▸ **What you have to do**: In the entries below, the word "Gray" appears on some lines. Copy each of those lines.

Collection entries
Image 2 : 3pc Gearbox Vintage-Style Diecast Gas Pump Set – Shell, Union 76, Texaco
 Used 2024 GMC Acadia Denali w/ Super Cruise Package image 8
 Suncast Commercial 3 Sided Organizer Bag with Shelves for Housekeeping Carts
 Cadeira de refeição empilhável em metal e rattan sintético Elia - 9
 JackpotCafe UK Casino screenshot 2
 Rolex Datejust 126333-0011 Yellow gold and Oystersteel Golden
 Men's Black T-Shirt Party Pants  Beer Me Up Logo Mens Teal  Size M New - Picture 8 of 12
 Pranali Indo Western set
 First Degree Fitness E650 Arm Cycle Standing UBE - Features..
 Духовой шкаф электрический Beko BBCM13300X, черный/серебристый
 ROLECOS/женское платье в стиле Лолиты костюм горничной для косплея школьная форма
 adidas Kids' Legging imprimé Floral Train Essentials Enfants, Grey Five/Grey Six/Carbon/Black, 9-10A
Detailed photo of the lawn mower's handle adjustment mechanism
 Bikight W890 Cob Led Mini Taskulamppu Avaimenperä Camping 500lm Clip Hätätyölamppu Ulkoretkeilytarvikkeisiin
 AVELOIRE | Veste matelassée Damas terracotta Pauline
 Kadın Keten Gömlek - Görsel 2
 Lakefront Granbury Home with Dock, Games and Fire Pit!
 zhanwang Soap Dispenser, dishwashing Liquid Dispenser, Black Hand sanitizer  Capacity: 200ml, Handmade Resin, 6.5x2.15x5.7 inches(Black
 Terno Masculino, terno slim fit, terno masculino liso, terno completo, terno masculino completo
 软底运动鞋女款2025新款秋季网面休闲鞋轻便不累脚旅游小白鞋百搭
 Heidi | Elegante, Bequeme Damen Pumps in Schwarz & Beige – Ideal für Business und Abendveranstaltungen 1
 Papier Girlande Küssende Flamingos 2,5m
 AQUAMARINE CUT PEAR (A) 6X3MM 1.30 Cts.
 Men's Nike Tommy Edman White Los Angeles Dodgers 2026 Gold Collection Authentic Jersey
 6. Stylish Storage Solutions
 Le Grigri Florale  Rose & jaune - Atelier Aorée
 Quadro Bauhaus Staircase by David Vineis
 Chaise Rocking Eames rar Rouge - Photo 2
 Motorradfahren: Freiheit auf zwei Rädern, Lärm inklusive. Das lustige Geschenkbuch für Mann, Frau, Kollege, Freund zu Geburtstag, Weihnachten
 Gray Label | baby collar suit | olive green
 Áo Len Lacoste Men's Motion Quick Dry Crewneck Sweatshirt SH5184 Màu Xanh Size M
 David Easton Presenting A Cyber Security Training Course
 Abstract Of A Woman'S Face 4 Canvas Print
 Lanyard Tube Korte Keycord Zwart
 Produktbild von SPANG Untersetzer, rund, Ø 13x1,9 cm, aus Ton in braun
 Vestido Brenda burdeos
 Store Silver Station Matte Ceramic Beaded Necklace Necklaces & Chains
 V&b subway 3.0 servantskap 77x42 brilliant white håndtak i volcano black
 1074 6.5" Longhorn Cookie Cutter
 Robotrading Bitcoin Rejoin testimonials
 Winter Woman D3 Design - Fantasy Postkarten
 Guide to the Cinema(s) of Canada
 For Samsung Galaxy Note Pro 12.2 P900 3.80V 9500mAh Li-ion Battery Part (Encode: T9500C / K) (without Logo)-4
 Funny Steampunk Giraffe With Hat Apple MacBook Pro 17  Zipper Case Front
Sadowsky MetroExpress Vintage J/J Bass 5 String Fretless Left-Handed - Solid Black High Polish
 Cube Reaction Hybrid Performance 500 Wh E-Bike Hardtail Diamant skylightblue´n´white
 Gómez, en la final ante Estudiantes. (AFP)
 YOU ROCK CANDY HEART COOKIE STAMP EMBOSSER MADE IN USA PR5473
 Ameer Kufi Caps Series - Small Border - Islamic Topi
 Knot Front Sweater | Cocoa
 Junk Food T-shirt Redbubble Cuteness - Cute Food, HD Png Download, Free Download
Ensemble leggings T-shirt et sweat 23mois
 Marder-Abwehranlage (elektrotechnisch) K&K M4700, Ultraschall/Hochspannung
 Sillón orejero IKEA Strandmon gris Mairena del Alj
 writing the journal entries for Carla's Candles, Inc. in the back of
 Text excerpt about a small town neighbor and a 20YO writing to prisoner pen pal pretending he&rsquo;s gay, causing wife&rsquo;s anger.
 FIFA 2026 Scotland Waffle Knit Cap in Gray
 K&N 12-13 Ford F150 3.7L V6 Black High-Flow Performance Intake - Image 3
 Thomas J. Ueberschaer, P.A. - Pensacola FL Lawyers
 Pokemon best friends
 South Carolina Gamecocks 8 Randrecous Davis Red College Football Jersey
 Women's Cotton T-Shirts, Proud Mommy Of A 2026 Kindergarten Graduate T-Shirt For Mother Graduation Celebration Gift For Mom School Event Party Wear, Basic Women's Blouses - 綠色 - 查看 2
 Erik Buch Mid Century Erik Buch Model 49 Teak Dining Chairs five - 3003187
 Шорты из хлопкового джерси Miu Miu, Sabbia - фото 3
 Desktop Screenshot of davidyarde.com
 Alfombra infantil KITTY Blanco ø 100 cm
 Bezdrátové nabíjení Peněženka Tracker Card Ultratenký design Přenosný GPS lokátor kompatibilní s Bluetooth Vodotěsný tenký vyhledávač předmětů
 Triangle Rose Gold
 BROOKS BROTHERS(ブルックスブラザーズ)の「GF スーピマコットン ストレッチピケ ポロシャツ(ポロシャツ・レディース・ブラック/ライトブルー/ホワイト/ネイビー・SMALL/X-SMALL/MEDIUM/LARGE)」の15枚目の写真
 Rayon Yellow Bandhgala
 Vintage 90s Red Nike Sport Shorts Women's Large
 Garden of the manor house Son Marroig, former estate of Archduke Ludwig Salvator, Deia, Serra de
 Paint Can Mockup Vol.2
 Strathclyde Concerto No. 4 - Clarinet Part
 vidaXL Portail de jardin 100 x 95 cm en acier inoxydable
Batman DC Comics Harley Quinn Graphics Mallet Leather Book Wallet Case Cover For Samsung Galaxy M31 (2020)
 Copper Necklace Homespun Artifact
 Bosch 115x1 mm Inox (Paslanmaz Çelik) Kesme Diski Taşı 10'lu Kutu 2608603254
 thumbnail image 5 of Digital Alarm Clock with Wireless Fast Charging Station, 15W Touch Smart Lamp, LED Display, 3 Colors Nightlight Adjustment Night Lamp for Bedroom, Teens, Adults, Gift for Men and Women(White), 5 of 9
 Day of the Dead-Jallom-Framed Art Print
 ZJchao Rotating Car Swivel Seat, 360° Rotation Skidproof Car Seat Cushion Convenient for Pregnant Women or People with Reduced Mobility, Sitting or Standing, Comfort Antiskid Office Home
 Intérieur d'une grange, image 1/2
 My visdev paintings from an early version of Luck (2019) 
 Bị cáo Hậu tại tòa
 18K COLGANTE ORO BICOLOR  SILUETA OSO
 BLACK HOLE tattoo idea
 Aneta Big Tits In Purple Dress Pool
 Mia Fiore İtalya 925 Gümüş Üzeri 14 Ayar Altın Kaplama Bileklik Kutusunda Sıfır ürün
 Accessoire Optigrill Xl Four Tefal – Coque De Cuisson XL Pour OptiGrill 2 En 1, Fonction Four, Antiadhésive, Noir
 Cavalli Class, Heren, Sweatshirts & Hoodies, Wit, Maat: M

▸ **Response area**:
 Gray Label | baby collar suit | olive green
 FIFA 2026 Scotland Waffle Knit Cap in Gray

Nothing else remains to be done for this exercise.